Hans Joas ist in München geboren und aktuell Ernst-Troeltsch-Honorarprofessor für Religionssoziologie an der Humboldt-Universität in Berlin. Von 1990 bis 2002 war er Professor für Soziologie und Nordamerikastudien an der FU Berlin, von 2002 bis 2011 war er Max-Weber-Professor an der Universität Erfurt und Leiter des dortigen Max-Weber-Kollegs für kultur- und sozialwissenschaftliche Studien. Ab dem Jahr 2000 lehrte er mehr als zwanzig Jahre lang regelmäßig an der University of Chicago, deren Committee on Social Thought er angehört. Er hatte weitere Professuren, Gastprofessuren und Fellowships rund um den Globus inne, ist Mitglied diverser Wissenschaftsakademien und Träger bedeutender Preise und Ehrendoktorwürden. Und er war im Geiste auch schon bei einem früheren Terzett mit anwesend, denn seine Publikation Warum Kirche? Selbstoptimierung oder Glaubensgemeinschaft wurde im Theologischen Terzett im September 2022 besprochen.

Das erste Buch des Abends, Römischer Katholizismus und politische Form von Carl Schmitt, wurde von Jan-Heiner Tück vorgestellt.

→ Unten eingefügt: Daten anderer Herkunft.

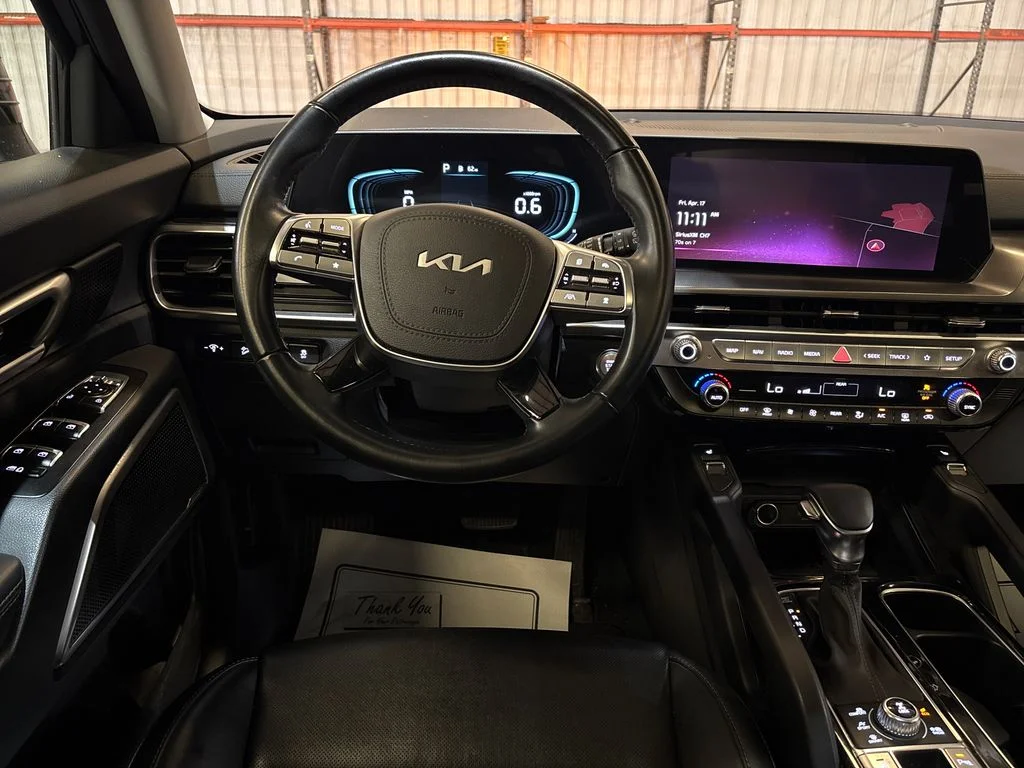 Used 2025 Black Kia S image 13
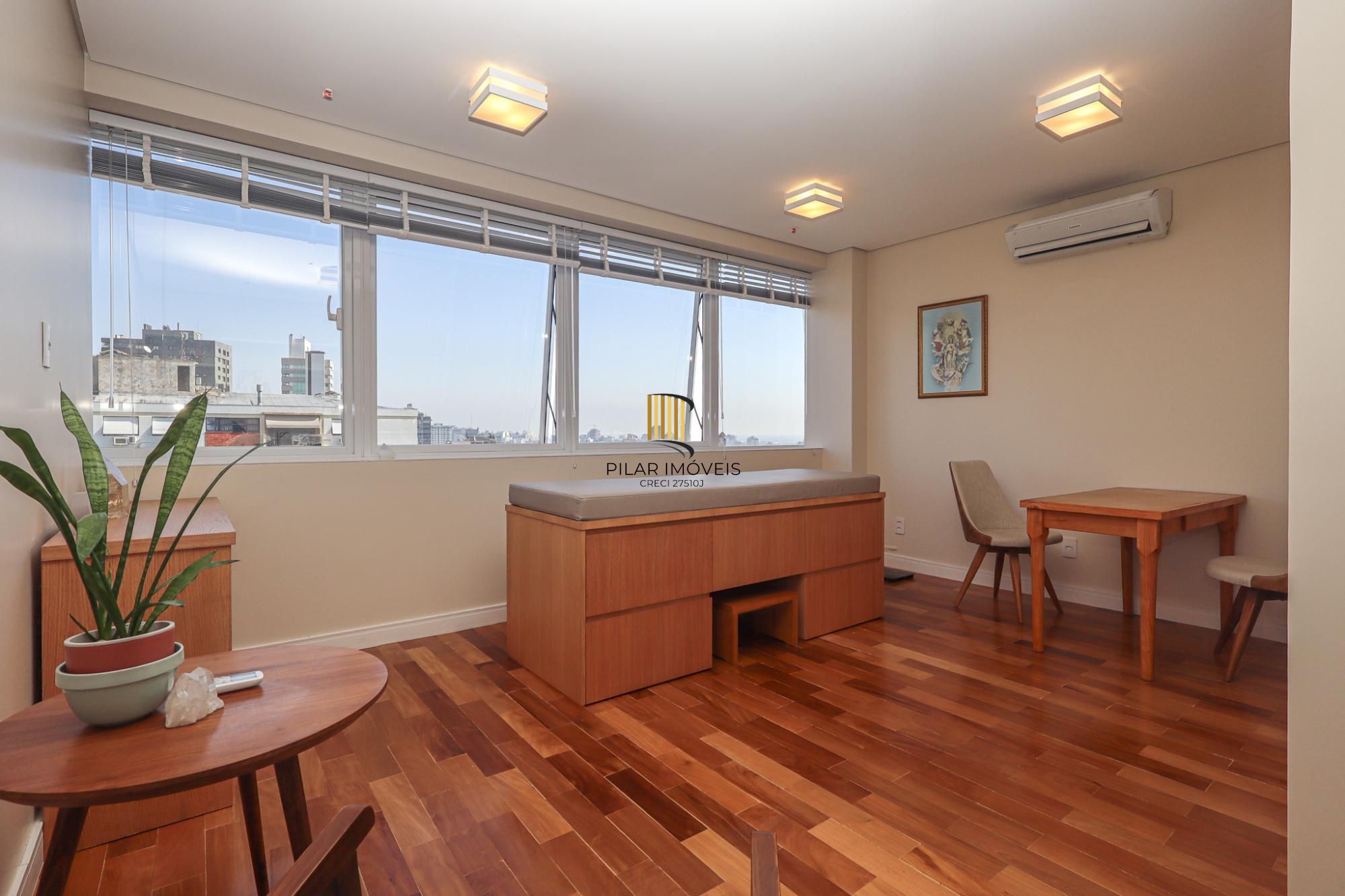 Sala Comercial a venda no bairro Mont Serrat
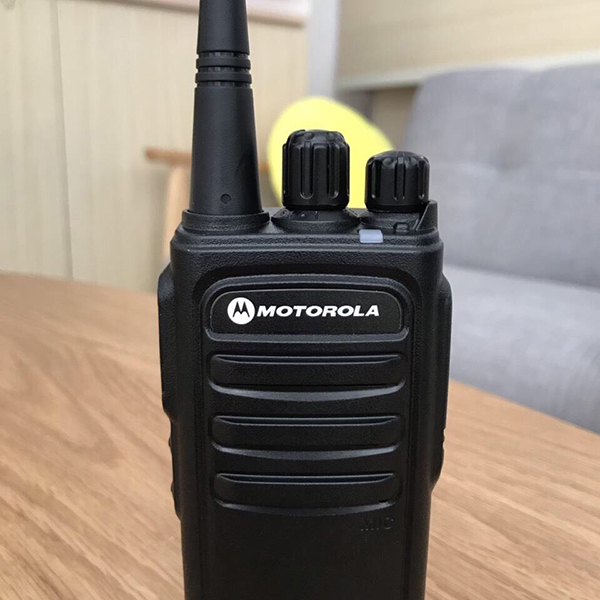 Máy bộ đàm MOTOROLA CP 1890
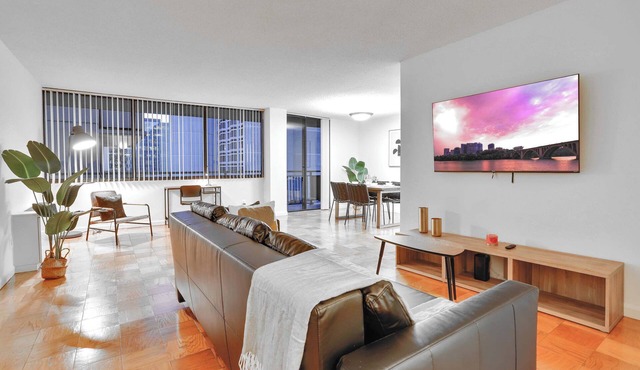 Walk to Metro & Near Reagan Airport!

Die umstrittene Person Carl Schmitts wollte Tück gleich zu Beginn als hier beileibe nicht rehabiliert sehen und bezeichnete ihn als „illiberalen, antiparlamentarischen, antisemitischen und nationalsozialistischen Denker“. Dennoch sei ein Blick auf dessen Wirkungsgeschichte interessant, die sich auf Gelehrte wie Jacob Taubes, Jacques Derrida, Ernst-Wolfgang Böckenförde und Robert Spaemann erstrecke. Das vorgestellte Buch sei ziemlich genau 100 Jahre alt und setze sich mit drei Formen auseinander, in den denen sich die politische Form des Katholizismus ausgestalte: die ästhetische Form, die juridische Form und der Glanz der Macht. Im Folgenden solle es darum gehen, was davon übriggeblieben bzw. daran zu Recht kritisiert worden sei.

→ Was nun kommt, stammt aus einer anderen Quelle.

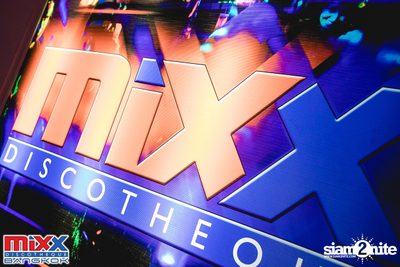 Neon BeatZ Party at MIXX Bangkok — photo 28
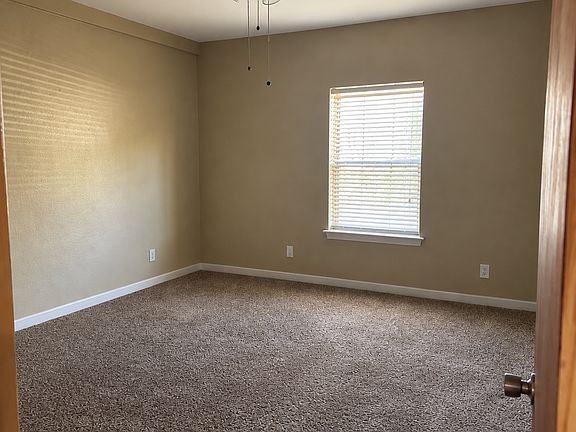 3rd image of 1095 Big Oaks Rd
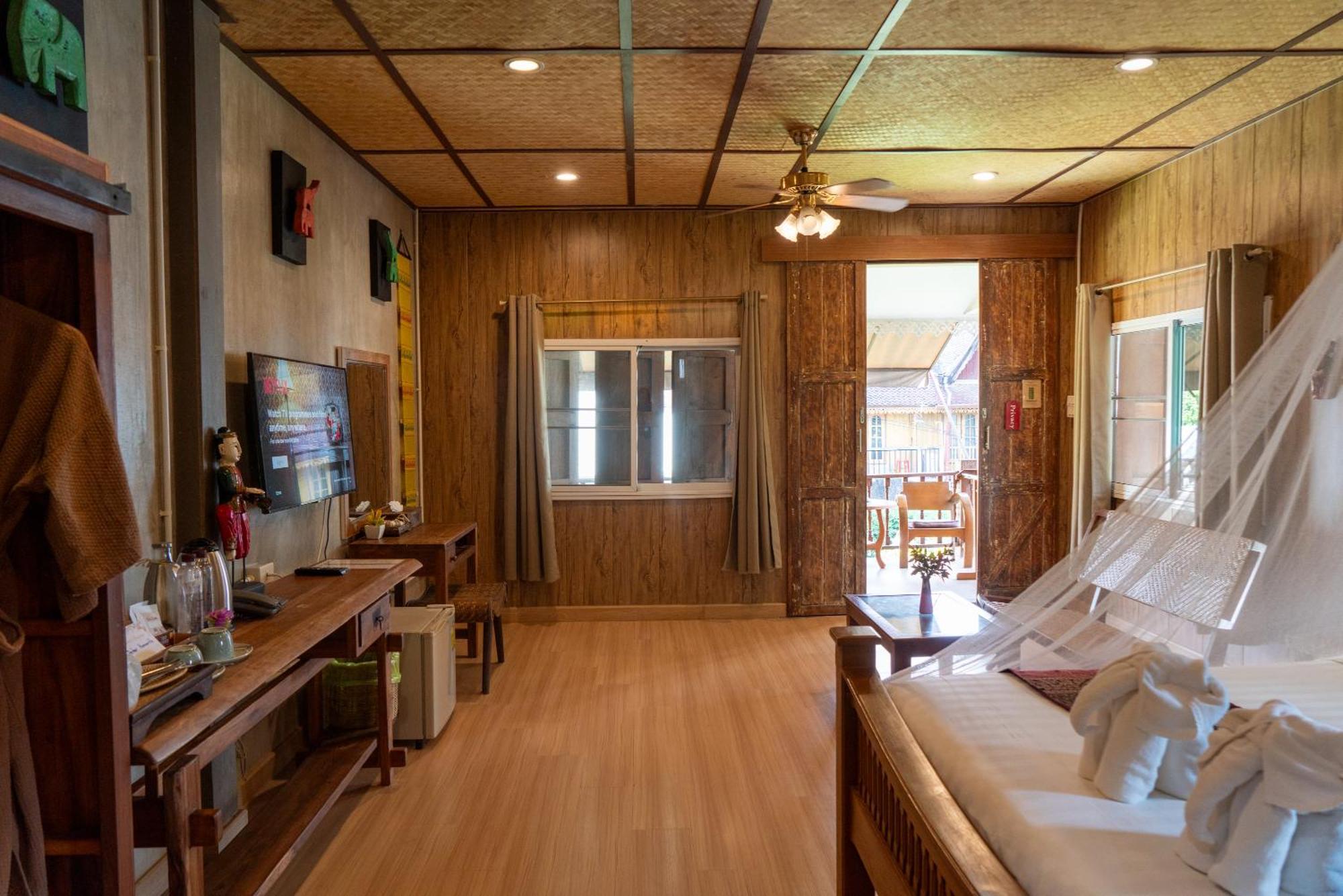 Buri Gallery House Chiang Mai Room photo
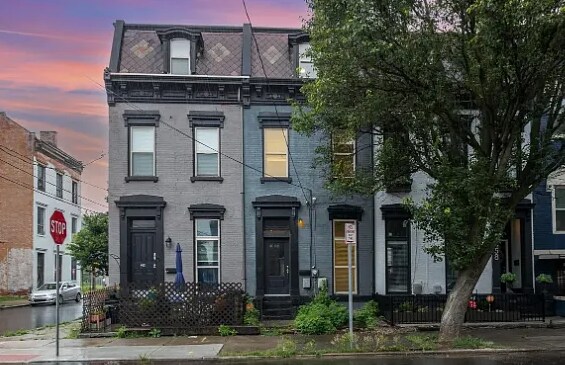 Building Photo - 460 Dayton St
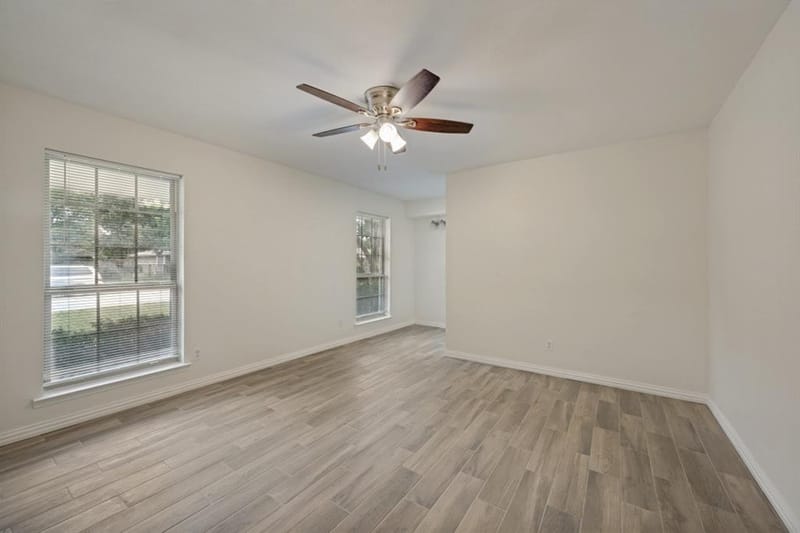 301 Hillcrest Drive, Midlothian TX 76065 - Photo 14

Als zweiter folgte Hans Joas mit Kleine Theologie des Als ob von Sebastian Kleinschmidt. Dieser mit Joas befreundete Publizist ist der Sohn des ehemaligen Schweriner Dompredigers und war in den letzten Jahren der DDR der stellvertretende Chefredakteur der Kulturzeitschrift Sinn und Form, der bedeutendsten der DDR, die von der Berliner Akademie der Künste herausgegeben wurde und wird. In der Zeit seines dortigen Wirkens sorgte Sebastian Kleinschmidt dafür, dass sich Sinn und Form auch in spezieller Weise mit Religion beschäftigte, was für die DDR-Zeit bemerkenswert war.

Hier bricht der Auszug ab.